Exercise objective>
Leave out the pictures, and reproduce exactly the lines from the line containing "Ethnic Kurtas Coupons" through the final line of the entries.

Start of The data

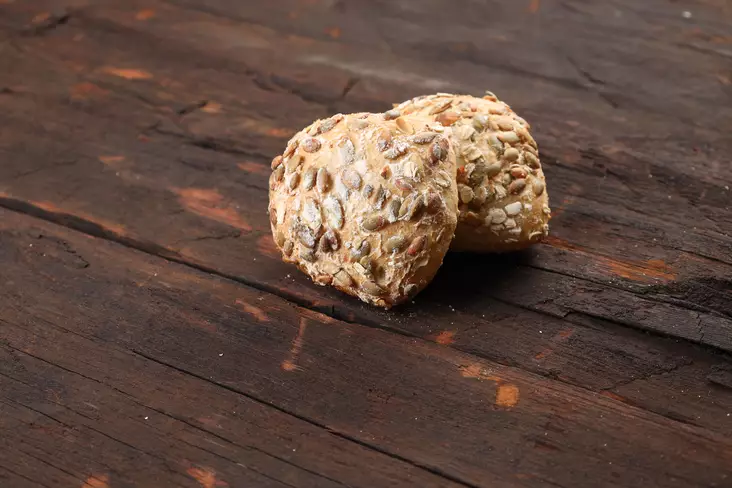 Sambasemla Blandbröd, 5-pack - Blandbröd - 2131 - 1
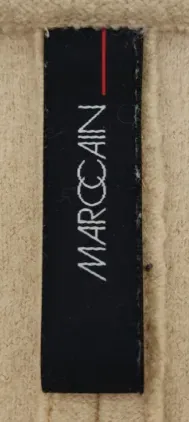 Marc Cain - Damenkleid  Gr. S/M - Bild 4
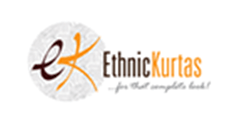 Ethnic Kurtas Coupons
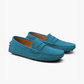 Rivington Suede Drivers
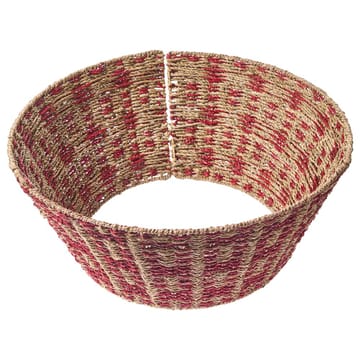 Juletrefot Neige - 60x60x28 cm - Interiør - Dekorasjon & innredningsdetaljer - Julepynt & juledekorasjon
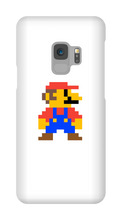 ggnomad Samsung Phone Cases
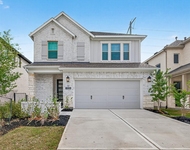 Unit for rent at 11226 Common Hackberry Street, Cypress, TX, 77433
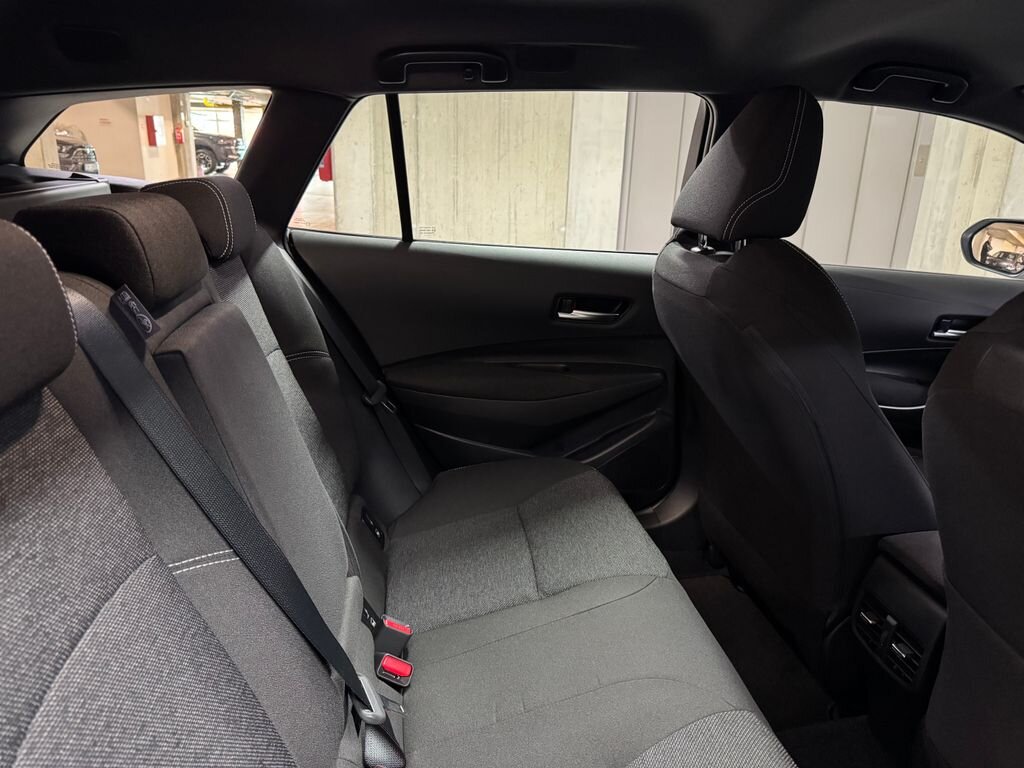 Toyota Corolla Kombi 1,8 l 103 kw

End of The data

Result of this exercise>
 Ethnic Kurtas Coupons
 Rivington Suede Drivers
 Juletrefot Neige - 60x60x28 cm - Interiør - Dekorasjon & innredningsdetaljer - Julepynt & juledekorasjon
 ggnomad Samsung Phone Cases
 Unit for rent at 11226 Common Hackberry Street, Cypress, TX, 77433
 Toyota Corolla Kombi 1,8 l 103 kw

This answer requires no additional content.